Gravitational waves earn Special Breakthrough Prize
4 May 2016
More than 1000 scientists and engineers involved in the detection of gravitational waves have been awarded a special Breakthrough Prize in Fundamental Physics. The award of $3 million will be shared between LIGO founders Ronald WP Drever, Kip S Thorne, and Rainer Weiss, and 1005 others in the LIGO-Virgo Collaboration as well as seven additional scientists recognised for their contributions to the success of LIGO.
Edward Witten, the chair of the Selection Committee said: “This amazing achievement lets us observe for the first time some of the remarkable workings of Einstein’s theory. Theoretical ideas about black holes which were close to being science fiction when I was a student are now reality.”
Yuri Milner described the group’s achievement as “a perfect science story.”
The prizes can be shared by any number of scientists. All of the authors of the paper announcing the direct detection of the GW150914 event are included. The seven scientists in addition are Luc Blanchet, CNRS; Thibault Damour, IHES; Lawrence Kidder, Cornell University; Frans Pretorius, Princeton University; Mark Scheel, Caltech; Saul A. Teukolsky, Cornell University; Rochus E. Vogt, Caltech.
APPEC chair Frank Linde said: “The first direct detection of gravitational waves was extremely exciting, and has sparked more and more interest in the field. I am very pleased that this international group of pioneers has been honoured with a Breakthrough Prize, and it is a good reminder of the cooperation and collaboration needed to make great strides in science. And: an excellent example for the Nobel committee to follow…”
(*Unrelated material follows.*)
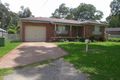 Property photo of 315 Tuggerawong Road Tuggerawong NSW 2259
The Special Breakthrough Prize can be awarded by the selection committee at any time “in recognition of an extraordinary scientific achievement”, in addition to the annual prizes in fundamental physics, mathematics, and life sciences. Nominations for the annual awards are open until the end of May, and the awards will be presented in the autumn.
Previous winners of the special prize in fundamental physics include seven leaders of the Large Hadron Collider teams, while last year’s annual award in fundamental physics went to five experiments working on neutrino oscillation. The prizes are funded by a grant from the Milner Global Foundation. Read the full press release here.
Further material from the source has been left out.